Gisteren was het 10 jaar geleden dat in Parijs de redactie van het satirisch weekblad Charlie Hebdo bestormd werd door twee zwaarbewapende mannen die er een bloedbad aanrichtten. Het was een terreuraanslag op de vrijheid van meningsuiting. Het weekblad had cartoons van de profeet Mohammed gepubliceerd. Chérif en Saïd Kouachi, twee broers, waren de terroristen die hun profeet wilden wreken.
Charlie, c'est moi!
De daaropvolgende dagen heette iedereen plotseling Charlie. 'Je suis Charlie'. Massa's mensen verzamelden zich om te protesteren tegen terreur. Geen protest tegen de islam, maar wel tegen terreur... Probeer al die Charlies eens uit te leggen dat islam gelijk is aan terreur. De aanslag was in wezen een islamitische daad van terreur.

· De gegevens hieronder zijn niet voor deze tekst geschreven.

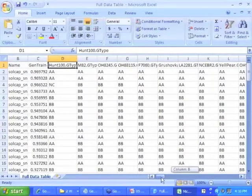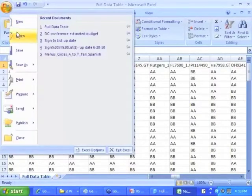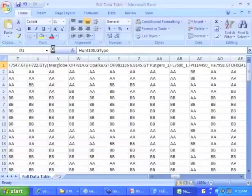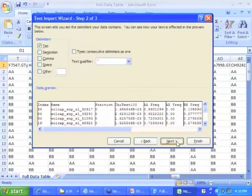The other thing I'm going to open, since I'm here, is the SNP table. You can actually append the SNP table, obviously, to the genotype table.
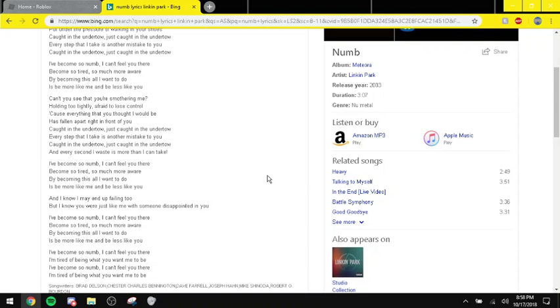Become so numb, I can't feel you there. I'm tired of being what you want me to be. I've become so numb, I can't feel you there, I've been what you want me to be.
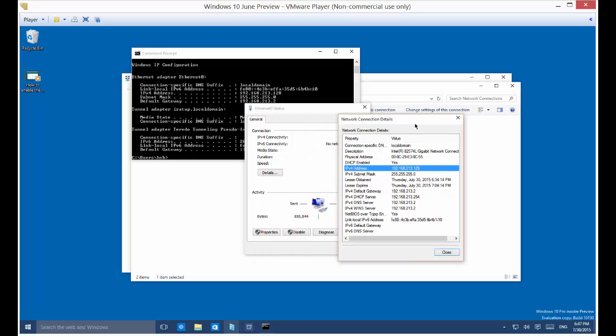So that's how you find your IP address, your internal IP address, in Microsoft Windows 10.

Ze maken ons wijs dat aanslagen gepleegd worden door labiele gefrustreerden, door geïsoleerde gevallen die de kluts en het noorden kwijt zijn. In werkelijkheid zijn het gedesoriënteerde moslims die zich in een nieuwe omgeving niet kunnen handhaven. Dat krijg je als je niet op je thuisplekje kunt blijven en andere oorden wilt veroveren.
Tien jaar geleden kwam 'Je suis Charlie' op mij over als een momentgebeuren - in het teken van verdraagzaamheid, solidariteit en iedereen-gelijk en zo - waarna alles weer in zijn oude plooi zou gaan vallen. Iedereen = Charlie, en daarna?
Daarna?... Buigen, knielen en kruipen voor de pathologische islam en zijn knotsgekke aanhangers, gedreven door angst voor nog meer terrorisme. En zo krijgen moslims meer ademruimte om nog meer terreurdaden te bedenken.